Hsieh Hsueh-hung (謝雪紅) was a Taiwanese communist organizer who fled to China in 1947 to escape repression following the 228 Incident.
However, after several years in China, she was labeled a “rightist” and subjected to “struggle sessions” by the Red Guards during the Cultural Revolution.
Chen Fang-ming (陳芳明), a professor at National Chengchi University’s Graduate Institute of Taiwanese Literature, described Hsieh as “a broken soul, born in a broken age. What she eventually left to posterity was just a broken history.”
Hsieh was by no means the only one to have met such a fate.
The same could also be said of the victims of the 1950s White Terror.
I have taken part in filming the story of White Terror victim Lin Yuan-chih (林元枝).
In the course of field research for the film, I discovered that most of those involved, including Lin’s relatives, the descendants of other victims in the same case, elderly people from the same village who knew him and even farmers who helped hide him when they were children, were not very clear about Lin or what happened to him.
They did not know why he was on the top of the list of fugitive “traitors and bandits.” They did not know how he joined the Communist Party, how he went on the run or why he was imprisoned for 19 years although he was never sentenced by a court.
They only knew that he ran away because of the 228 Incident.
The other details gradually faded away during the 38 years of repression under Martial Law.
It was a tragedy of those times, and what remains of it is a broken history.
Many years have passed since martial law ended in 1987. Surviving victims have received compensation, but that period in history is still shrouded in mystery.
Neither the general public nor the families of victims are clear about what happened. It may well be that many files have been opened so that they can be read at any time.
There are indeed reams of academic research waiting to be read.
Memorial museums have been established in various places and they present a wealth of visual information — all you need to do is walk in.
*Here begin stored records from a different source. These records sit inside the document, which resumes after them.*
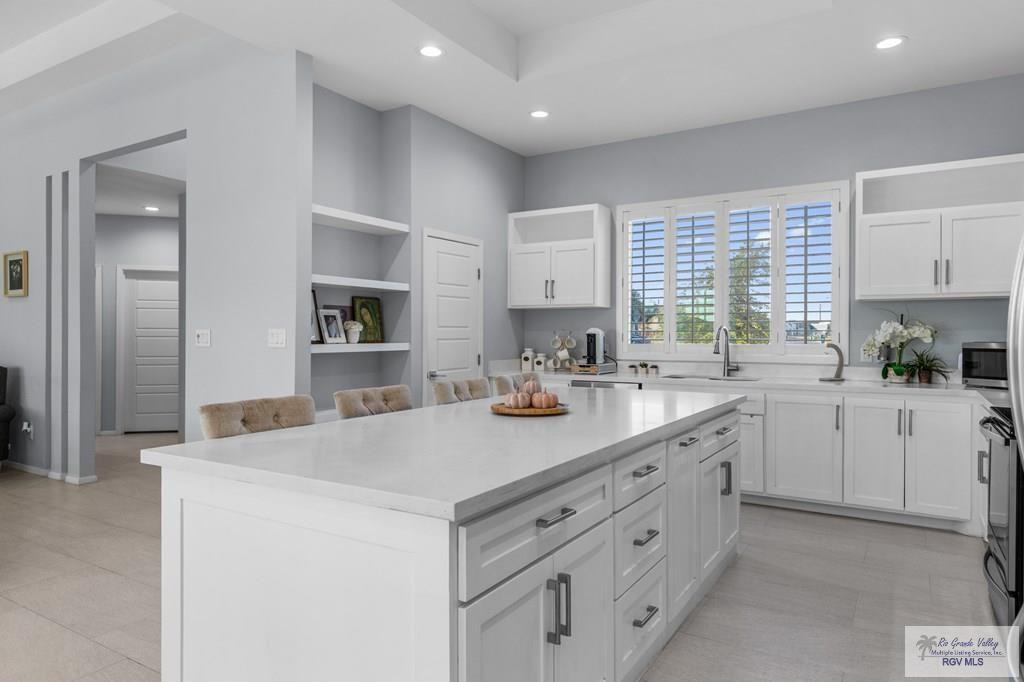 6882 Stone Oak - Photo 3 of 32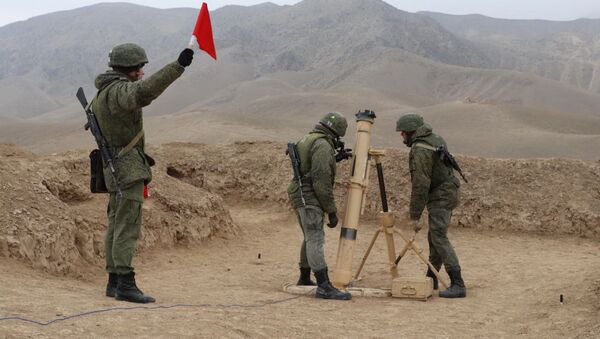 Военнослужащие двух стран отработали уничтожение противника в едином разведывательно-огневом контуре на российско-таджикском учении - Sputnik Таджикистан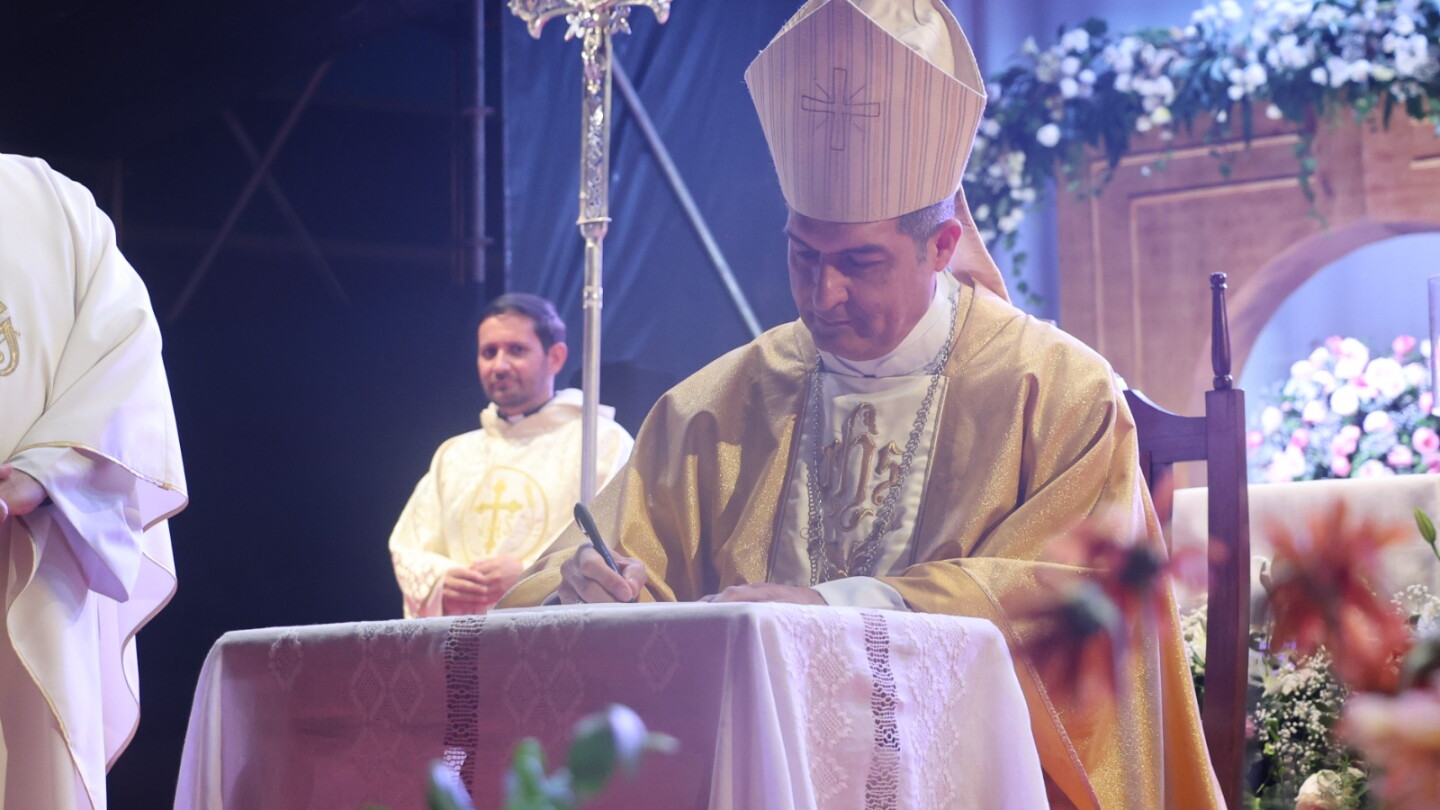 Monseñor Gabriel Escobar pastoreará en comunidades de tres ciudades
However, how many people, in the midst of their busy lives, are likely to visit the National Archives and read the files kept there?
How many people would have the patience to read academic theses in detail?
Although memorial museums have photographic and film materials that bring the history to life, they usually have few visitors. In such a social atmosphere, although many historical truths have been made public, how many people really know about them?
If the truth stays enclosed in archives or research reports, it will never be spread among the general public or blend into the history of this land.
If we want to repair that broken history in the memories of Taiwanese, the government should popularize it through avenues such as news reports, television dramas, films and education, so that the public would get to know more about the stories of victims of repression.
Only when Taiwanese are no longer ignorant about the history of the White Terror would most of them accept the legitimacy of the Transitional Justice Commission, and only when the majority of people have arrived at a consensus would the proposal for a lustration law, such as those enacted in former communist nations, be able to move ahead.
Weng Chien-tao is an elementary-school teacher.